Marius arched his eyebrows at the girl looking up at him from the vicinity of his lap. "Fluffy though this moment is, I have no idea how you thought to escape the inevitable jokes spawned of offers to satisfy my needs."

"Careful boy, I am perilously close to some soft, vulnerable areas and I have a mean right hook." She held up a fist and raised an eyebrow before settling herself so the back of her head was resting against his knee. "I think delirium has set in. What does 8 hours of uninterrupted sleep feel like? I wish I could remember."

"I choose to focus on the bit where it's preferable to repeated respiratory arrests. I find myself oddly grateful for my body's utter decay last year. It makes for quite the point of comparison." Marius jogged his knee slightly. "Should I sing you a soothing lullaby? Or perhaps you could entreat forcible sedation from Laurie." He scratched his head, curly hair ruffling. "Granted, I'm not certain it works like that, but there's been worse abuses of mutant powers. I believe it could be written off as to the greater good."

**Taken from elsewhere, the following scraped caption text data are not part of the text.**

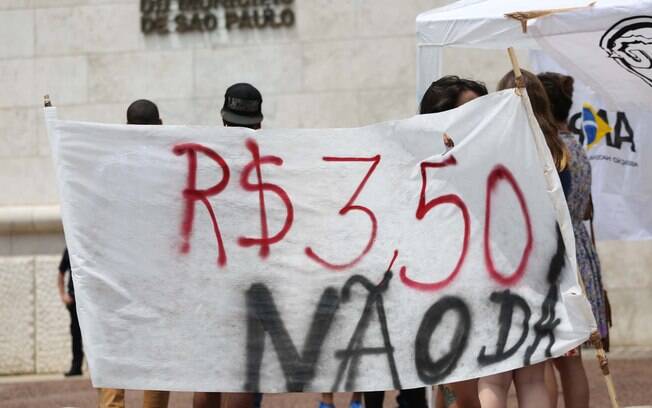 Integrantes do Movimento Passe Livre acampam em frente à Prefeitura de São Paulo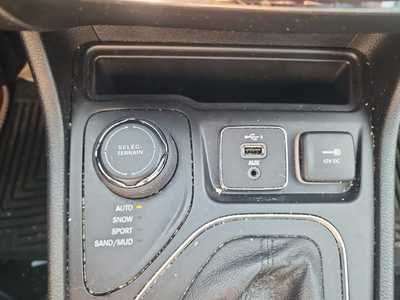 2021 Jeep Cherokee, $22500. Photo 11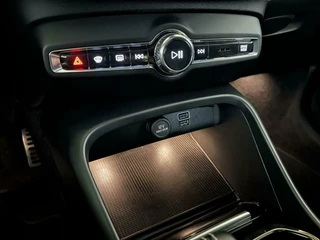 Volvo XC40 Volvo XC40 1.5 T5 Recharge R-Design Pano Cruise Camera - afbeelding nr 44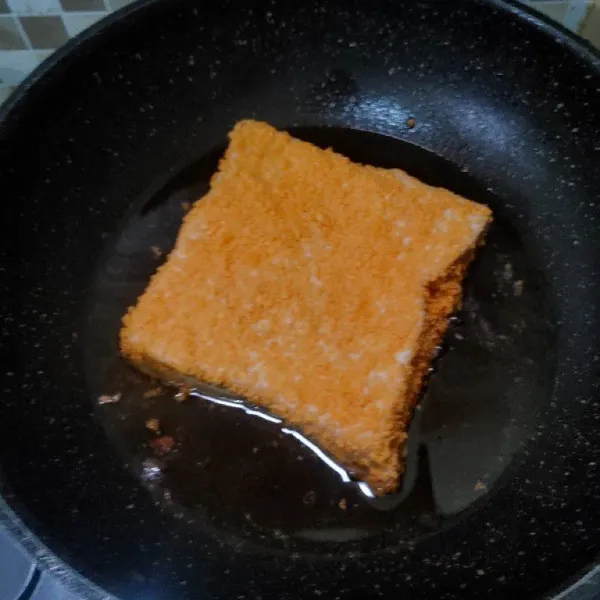 Terakhir goreng hingga kecokelatan, angkat dan tiriskan. Setelah hangat potong-potong dan siap disajikan.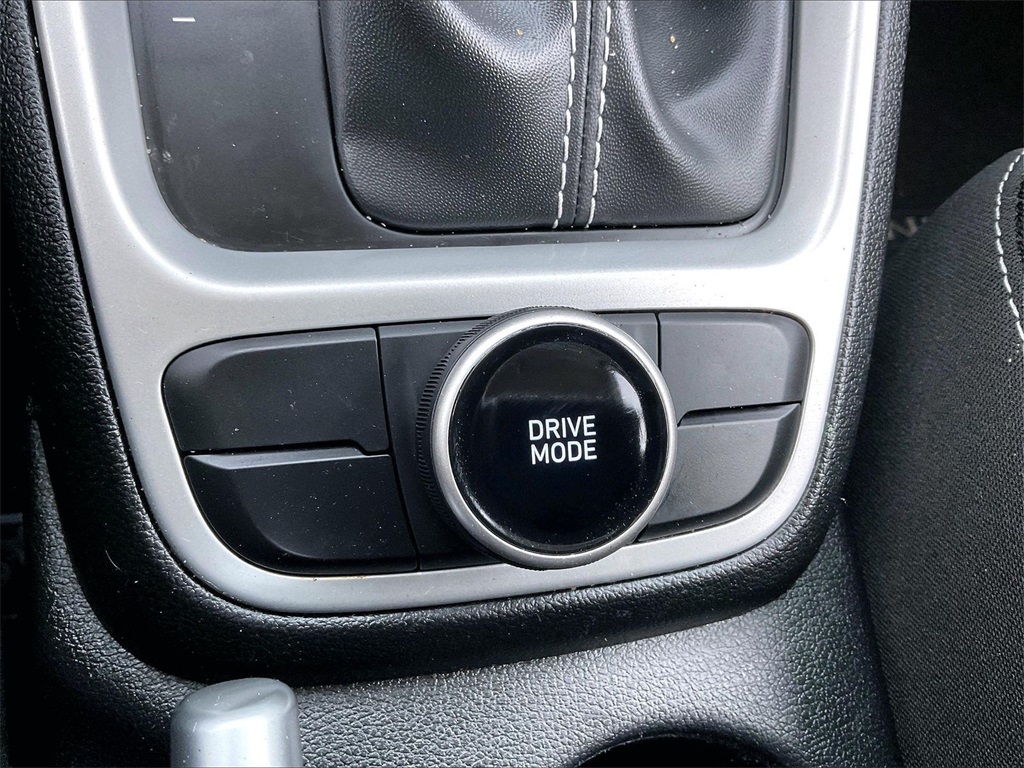 2025 Hyundai Venue SEL - Photo 33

"You know, there is something seriously wrong with you. You did not just suggest I use my roommate as a sleep aid." In getting Marius to admit the root of his problem, part of the weight lifted off of Jennie. She had been afraid of another downward spiral, but his admitting to her what was wrong was a giant step forward, and hopefully meant that he would make his way back up. Simply because last time this occurred, there was that whole wacky not-kidnapping. She stretched and gave him a smile, before looking at the pile of textbooks that surrounded them. "You made a mess. Hey, this is quite possibly the first time in our entire relationship that property destruction did not result because of me. It's progress!"

"I assure you, I well with pride. An' a distinct lack of concussion, for which I am forever grateful." Marius flopped over backwards, knees still bent under him and demonstrating no particular sign of discomfort. "And now, spent."

"I totally dare somebody to walk in on us like this." Jennie adjusted so that her head was resting much more comfortably on his leg. "You realize, of course, now that I am comfortable you are never allowed to move again."

Marius draped one forearm over his eyes. "I find that plan acceptable."